PEI Harness Racing Spotlight

James (Roach) MacGregor

James (Roach) MacGregor had a long and successful career in North American harness racing, including a significant impact on the breeding of standardbred horses on Prince Edward Island.

In 1970, he and his family purchased 150 acres at Milton, PEI and opened his fledgling breeding operation called Glengyle Farm. This was this was among the original group of commercial breeding farms in Atlantic Canada.  

Glengyle Farms quickly became a household name in eastern Canada.  That Glengyle tradition is evident in such sub 2:00 pacers as Whalers Byrd and Glengyle Joey, the latter horse selling for $26,000 at the P.E.I. Select Yearling Sale, a Maritime record.  The farm stood successful sires such as Dominion Byrd, Newport Robbi, Arcane Hanover, and Brightest Star. Glengyle Farms was also annually among the leading consignors in regional yearling sales.

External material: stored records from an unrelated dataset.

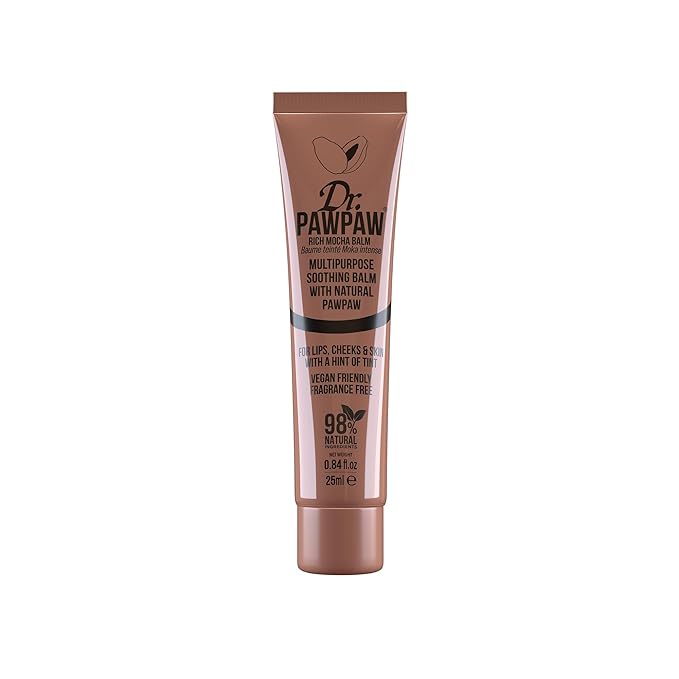 Rich Mocha Balm, Multi-Purpose Natural No Fragrance, for Hydrating Lips, Skin, Hair, Cuticles, Nails & Beauty Finishing (25 ml)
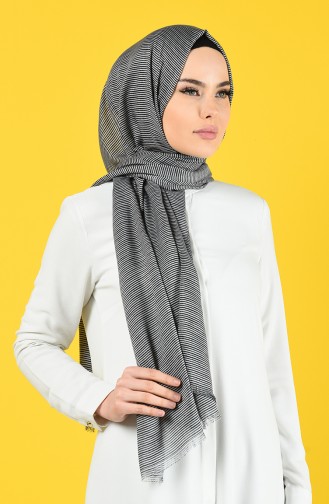 Châle Coton a Motifs 901609-12 Gris 901609-12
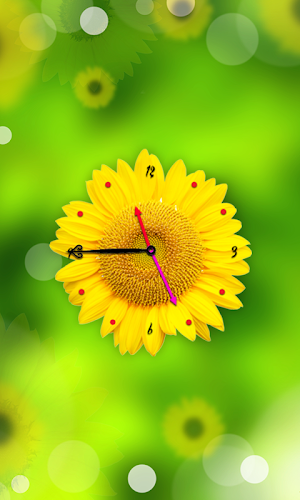 Sunflower Clock Live Wallpaper Screenshot 3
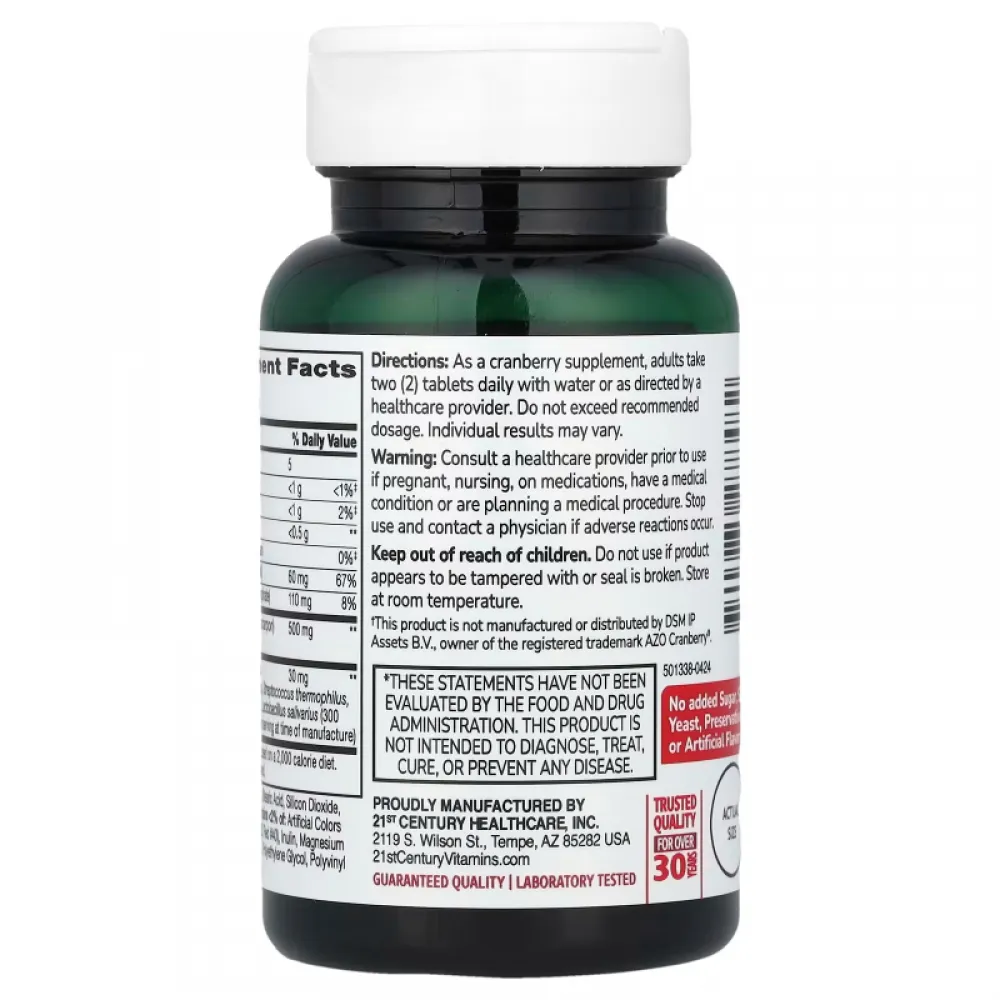 21st Century, Cranberry Plus Probiotic, 60 Tablets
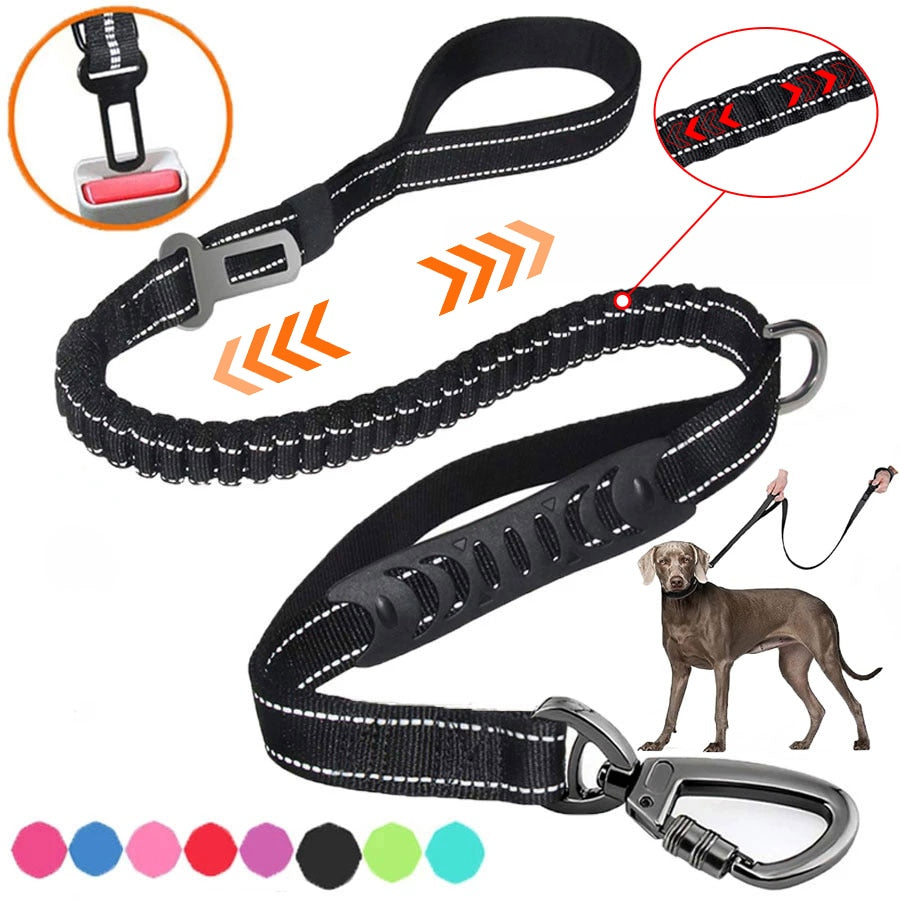 Noyal Reflective Multifunction Dog Harness with Double Handle Leash - Durable Padded Reflective for Safety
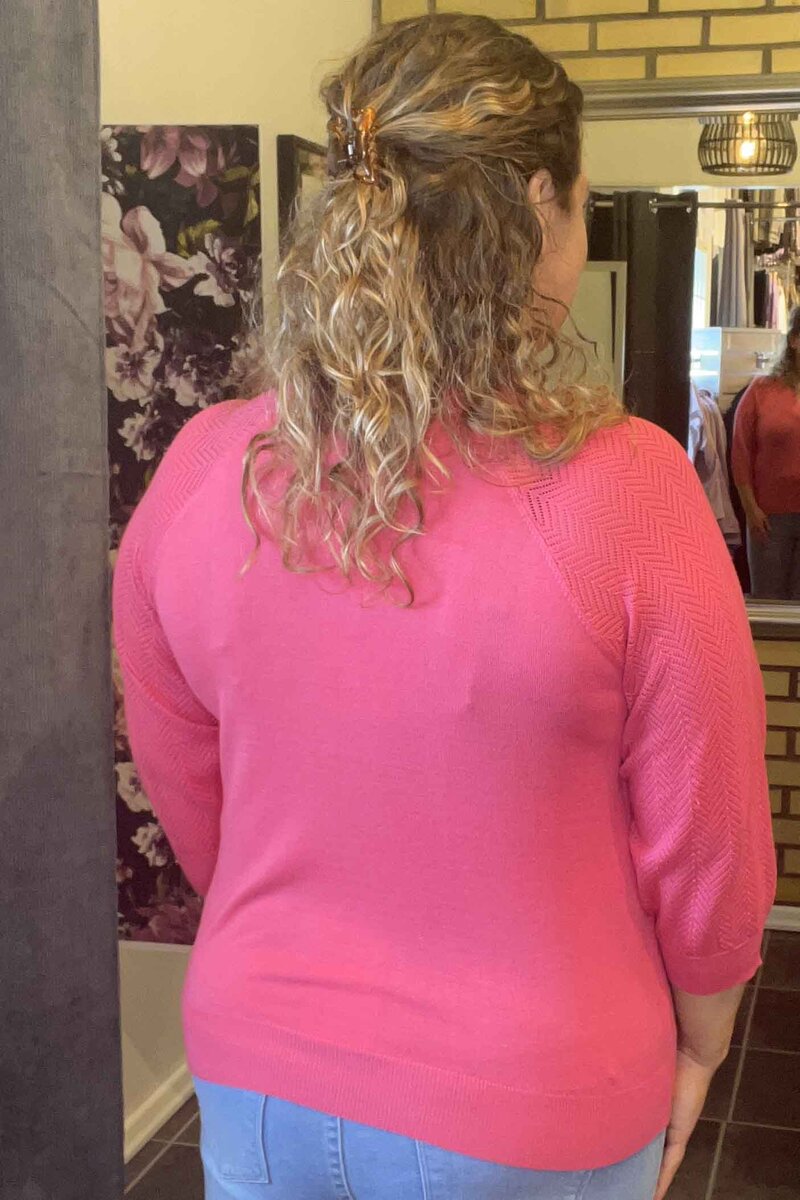 Plain Short Cardigan Dam Hot Pink Freequent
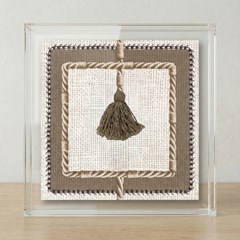 QUADRO 3D 045 PINGENTE C/ TASSEL E ACRILICO 30 cm x 30 cm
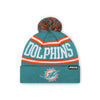 Miami Dolphins NFL Neptune Primary Logo Stripe Pom Beanie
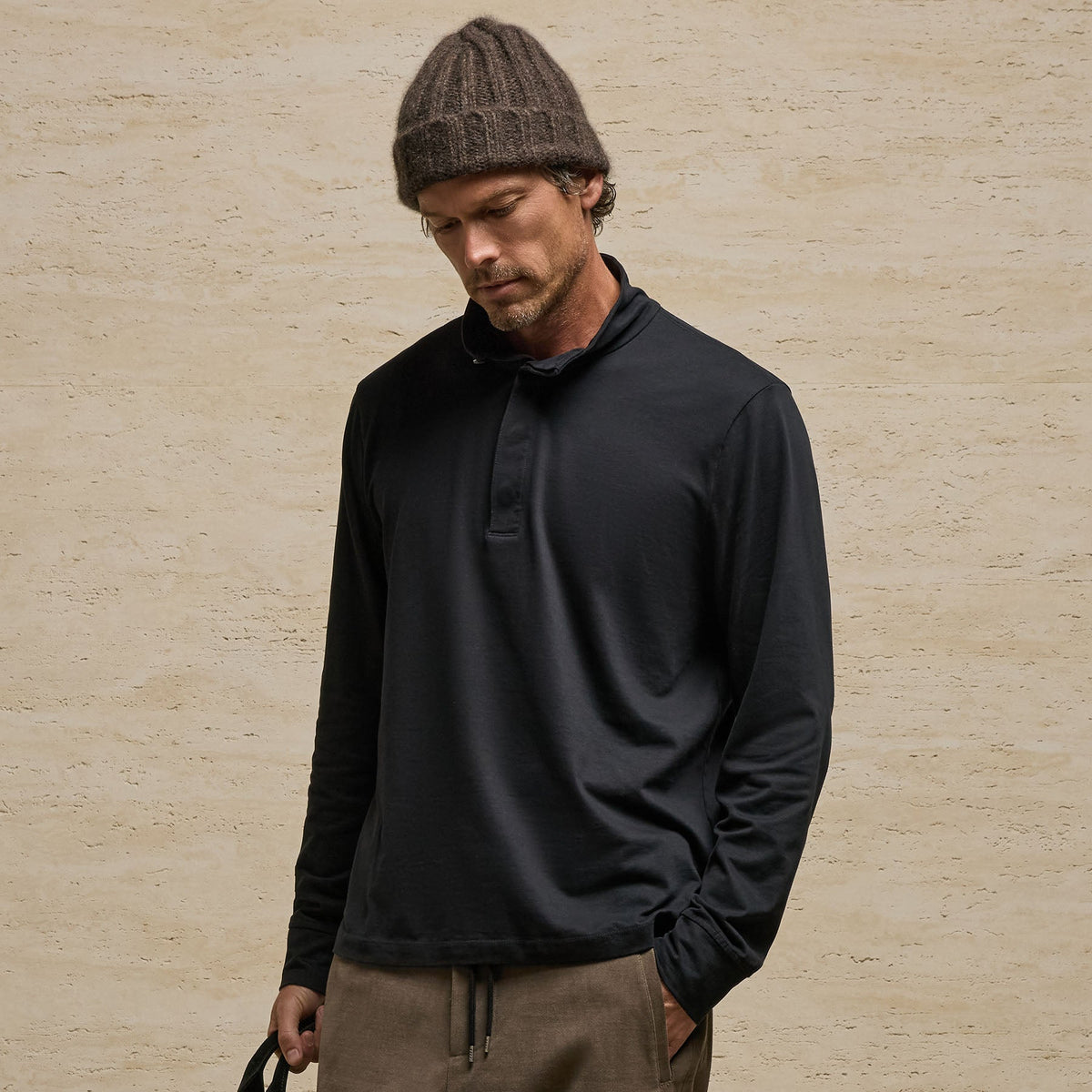 Heavy Luxe Funnel Neck in Black | James Perse Los Angeles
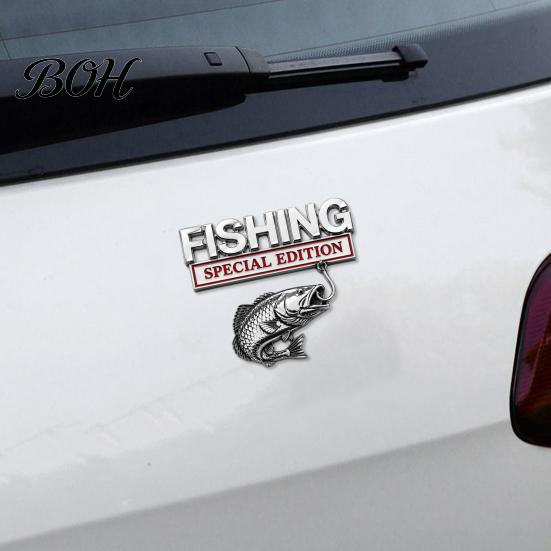 Premium Fishing Car Accessory Special Edition Emblem, Bass Badge for Vehicle, Waterproof Fishhook Metal Sticker Aluminum Fish Hook Decal Truck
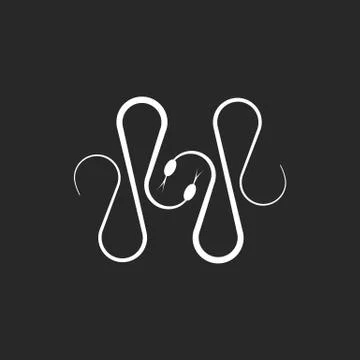 Interlacing of two snakes logo, a primitive vintage symmetrical pattern of tw Stock Illustration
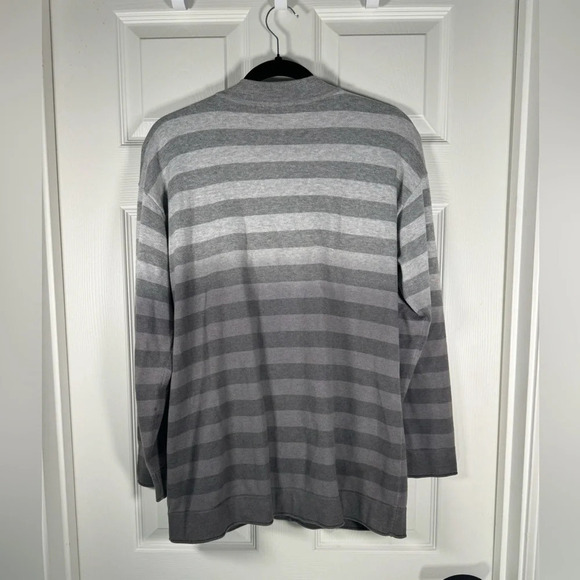 J. Jill Ombré Gray Striped Button V-Neck Cardigan Women’s Oversized Size Small - Picture 7 of 7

James MacGregor also achieved a significant milestone in 1985 when he became the first recipient of the Glen Kennedy Memorial Award, named in honor of the co-founder of the Atlantic Sire Stakes Program, in recognition of excellence in the breeding ranks. 

As a trainer/driver, Mr. MacGregor’s first big break came at age nineteen, with the pacer Josedale Clipper, whom he drove to the Maritime’s “Horse of the Year” honors.  With his talents now undeniably evident, he was asked to accompany Alberton’s legendary Joe O’Brien, Massachusetts, as trainer.  Regarded by many as the one of the finest trainer-drivers to hail from the Maritimes, MacGregor would compile an amazing list of records and achievements over the next four decades.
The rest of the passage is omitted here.